“Come you masters of war, You that build the big guns… Like Judas of old, You lie and deceive”
Bob Dylan
Hermann Goering reputedly said, “Naturally, the common people don’t want war; […but] it is always a simple matter to drag the people along.” I’m not so sure, any more, about the first premise, but his conclusion is being demonstrated, day by day.
Because the beating of the War Machine is pounding louder and louder by the day. More and more people are taking up the cudgels and joining in the hooting chorus of propaganda.
Slowly and steadily, we are being prepped to go to war.

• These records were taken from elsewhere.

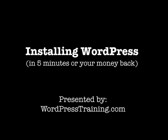Today I'm going to show you how to install the WordPress blogging system on your own server in five minutes or your money back.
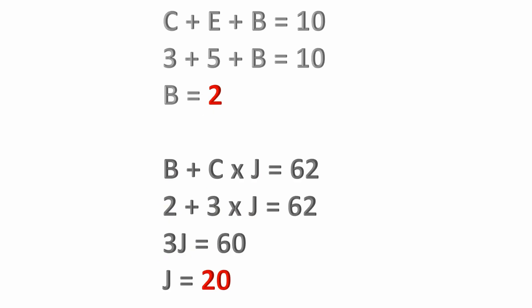Then the next equation they showed us was c plus e plus b equals 10. If we substitute what we know for c and e, we have 3 plus 5 plus b equals 10. If we end up subtracting 8 from both sides of that equation, we can solve for b, which b now equals 2.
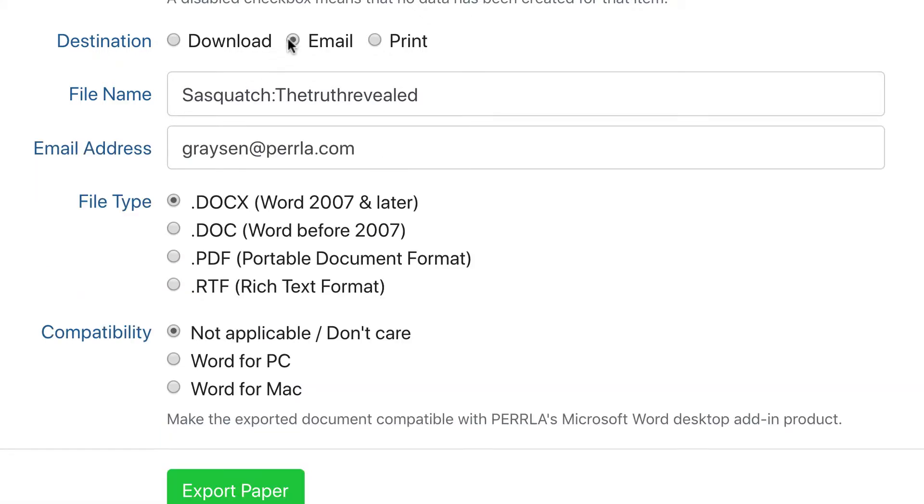If you're going to email your paper as an email attachment, you get the same file options and a field to insert the email where you want us to send your paper.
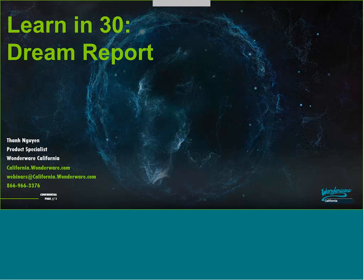Good morning, everyone. My name is Kelly Kane, and I'm the Marketing Manager for Wonderware California. Thank you for attending our Learn in 30 webinar today focused on Dream Report. After the webinar this morning, we will be doing a short Q&A. Please type any questions or comments into the Q&A box, the chat box, or email us at webinar at california.wonderware.com.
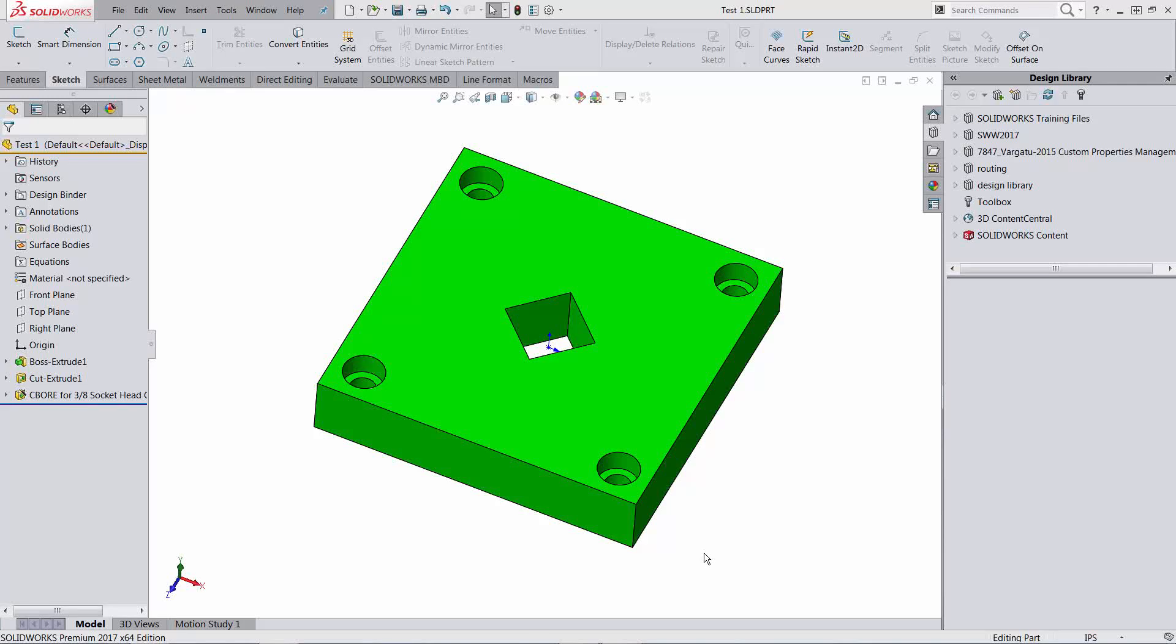Hello SolidWorks Power Users and welcome to the ninth weekly Power User Challenge. This week we will compete on our mastery of the SolidWorks user interface. How well do you speak SolidWorks to get the job done?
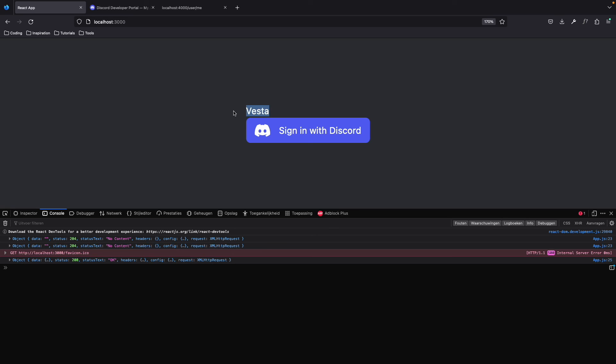So this was basically the tutorial on how to implement Discord OAuth2 into your application. I hope this was very helpful. If it was, please make sure to drop a subscribe and a like. If you have any questions, be sure to drop them down in the comments below — I will try to get back to you as soon as possible. I wish you a beautiful day.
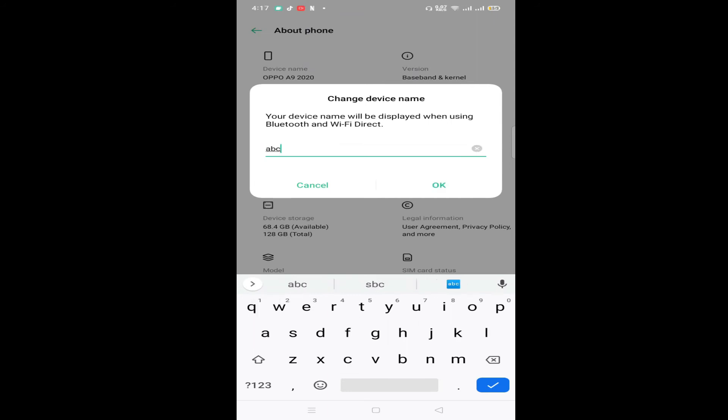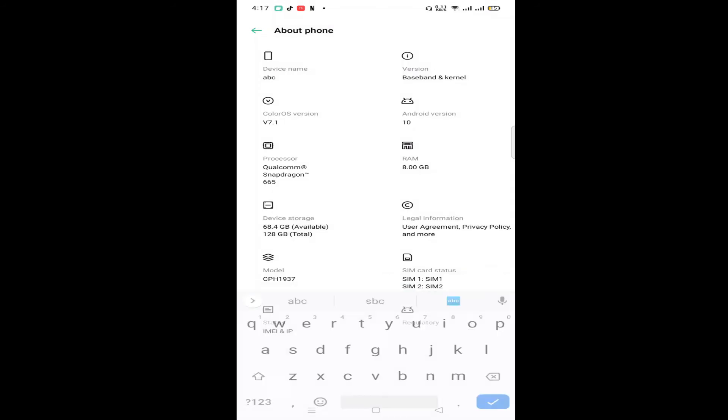Then click on OK, and that's it - your device name has been changed. Okay guys, that's it for this video.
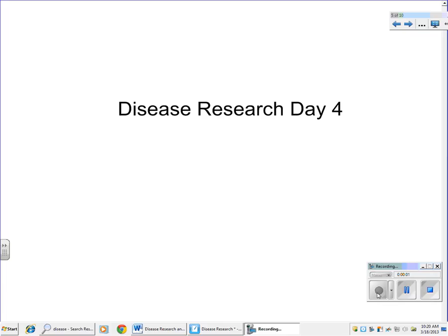This is day four of our disease research. Today what you should be doing is formatting your PowerPoint presentation. You should basically have everything you need for both diseases and start now formatting your slides, getting everything set.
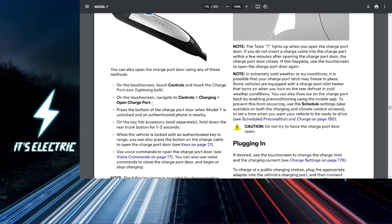Or you can also use a Tesla key or mobile app. If you have a Tesla key fob, you can simply double-click on the top button to open the charging port. Alternatively, you can use the Tesla mobile app. Just open the app, select your vehicle, and tap on open charge port.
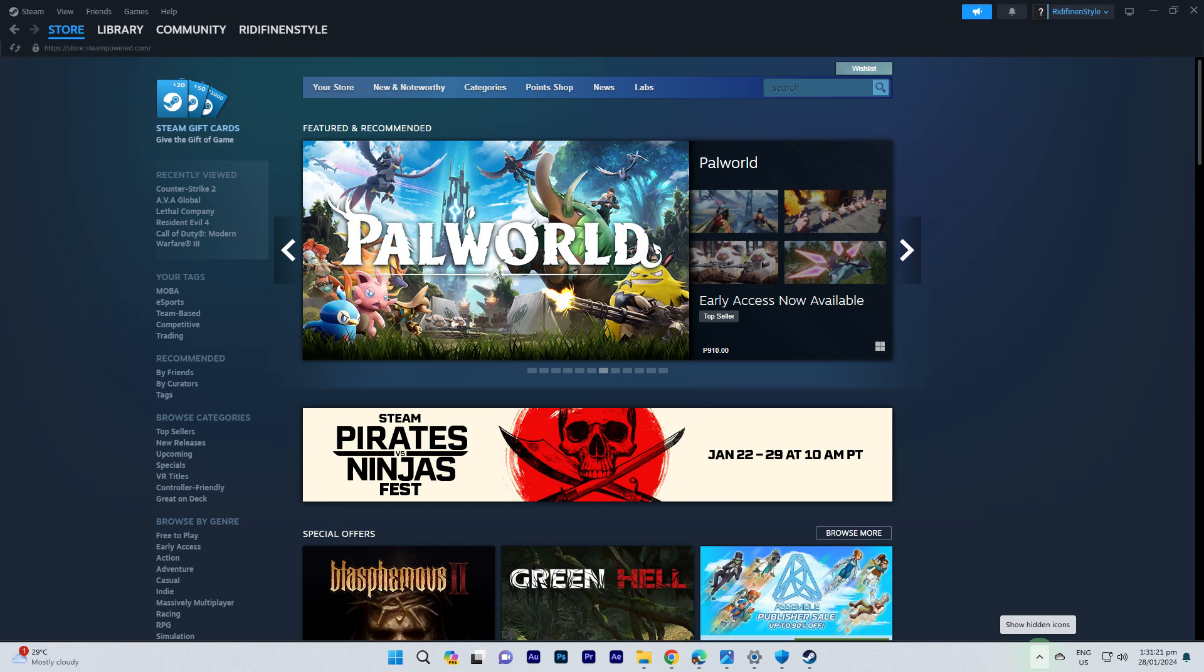Hi, welcome back to another quick guide. Today I'll teach you how to stop Steam auto login.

The most popular comparison for the current crisis is “1939!” — only because that’s the only date in modern history that this generation of ignoramuses has ever learned. (The annexation of the Sudetenland, which some of them dimly manage to also regurgitate, took place in 1938.)
But this seems less like 1938 to me than 1914.
The propaganda is reaching the same hysterical levels as when the “vile Hun” “raped” “poor little Belgium”. Everything vaguely Russian is being demonised and cast into the outer darkness. Suddenly, everyone’s dropping the Russicised “Kiev” and “Kharkov” for the linguistic virtue-signalling of “Kyiv” and “Kharkiv” (places, incidentally, almost all of them would have either never heard of until last week, or only associated with crumbed chicken breasts). Place names and surnames were also hurriedly de-Germanised during WWI (“Germantown”, in my home town, was renamed to the bland “Grovedale”, the Royal Family dropped “Saxe-Coburg and Gotha” and rebranded themselves).
In America, sauerkraut became the ludicrous “Liberty Lettuce”, itself reminiscent of the pique that led to “Freedom Fries”, in the 1990s. Now, we’re seeing big liquor chains removing Russian vodka from their shelves. No doubt a mass burning will follow soon.
The media are also playing up any anti-Russian angle they can. The tabloid media could scarce contain their glee in reporting that a Ukrainian crewman had sunk his Russian boss’ luxury yacht and run off to join the war. Social media commentary cheered it on and only expressed regret that the Russian didn’t drown with it. Of course, the Russian in question was a weapons dealer, so it is a little hard to dredge any sympathy — but how long before howling mobs are attacking anything and anyone vaguely “Russkie-sounding”?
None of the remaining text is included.